Beginning with the line below that contains "Used 2025 Jeep Compass Sport image 11" and ending with the line that contains "274 Tennessee Lane, Palo", copy every line exactly. Copy nothing else.
=== Given records ===
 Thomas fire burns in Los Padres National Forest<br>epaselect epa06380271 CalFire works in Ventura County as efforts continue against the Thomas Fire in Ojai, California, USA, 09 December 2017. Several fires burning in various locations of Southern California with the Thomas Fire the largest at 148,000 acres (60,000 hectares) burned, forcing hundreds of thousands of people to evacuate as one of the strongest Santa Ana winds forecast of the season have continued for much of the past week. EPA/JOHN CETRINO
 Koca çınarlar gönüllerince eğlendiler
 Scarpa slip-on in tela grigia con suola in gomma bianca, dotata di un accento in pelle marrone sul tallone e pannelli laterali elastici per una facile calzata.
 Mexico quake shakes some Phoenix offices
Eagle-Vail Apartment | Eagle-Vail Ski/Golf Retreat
===
=== Given records ===
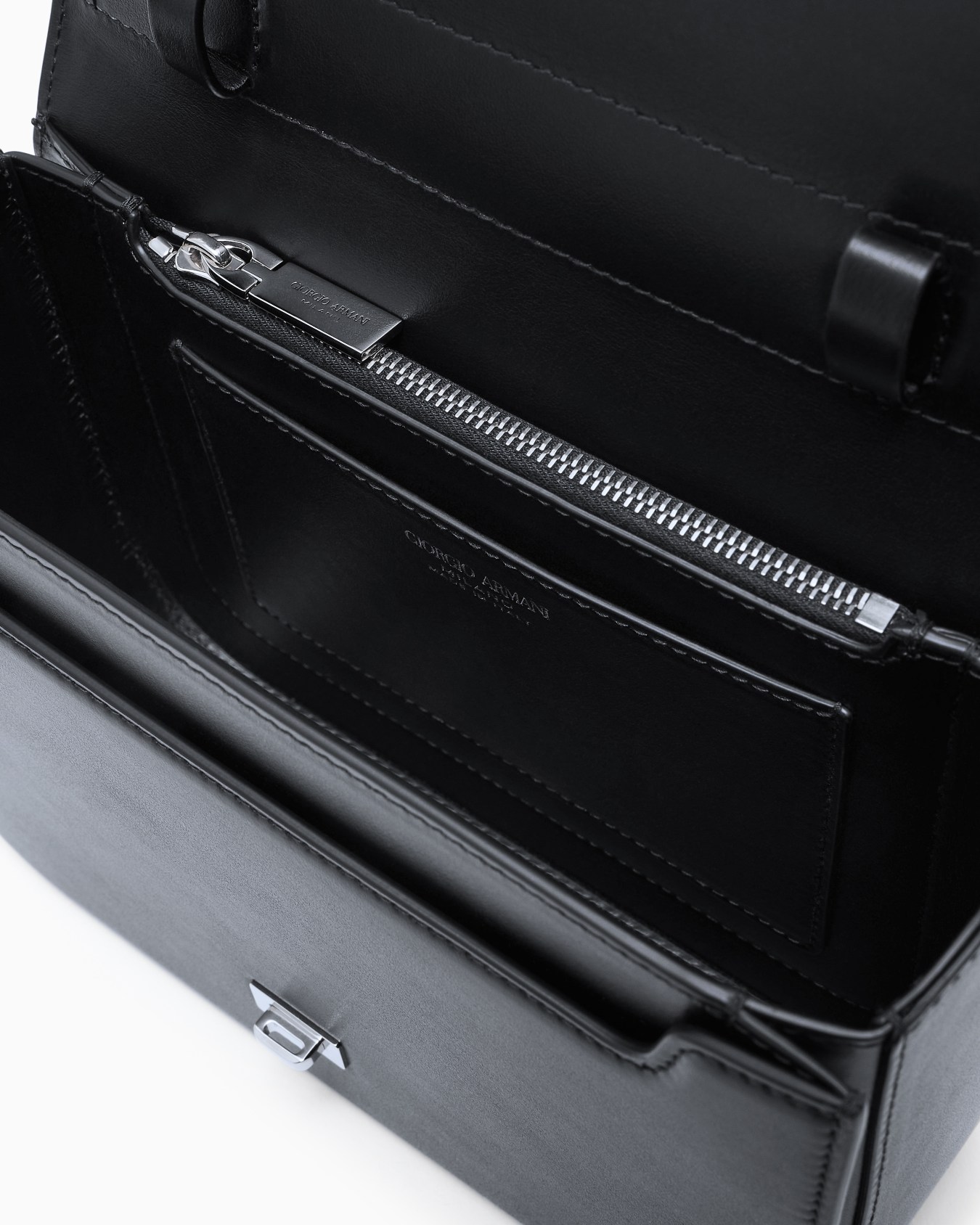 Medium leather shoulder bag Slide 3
===
=== Given records ===
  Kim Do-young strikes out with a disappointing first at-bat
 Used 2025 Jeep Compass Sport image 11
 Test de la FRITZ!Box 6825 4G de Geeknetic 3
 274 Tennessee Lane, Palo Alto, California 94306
===
◆ Output
 Used 2025 Jeep Compass Sport image 11
 Test de la FRITZ!Box 6825 4G de Geeknetic 3
 274 Tennessee Lane, Palo Alto, California 94306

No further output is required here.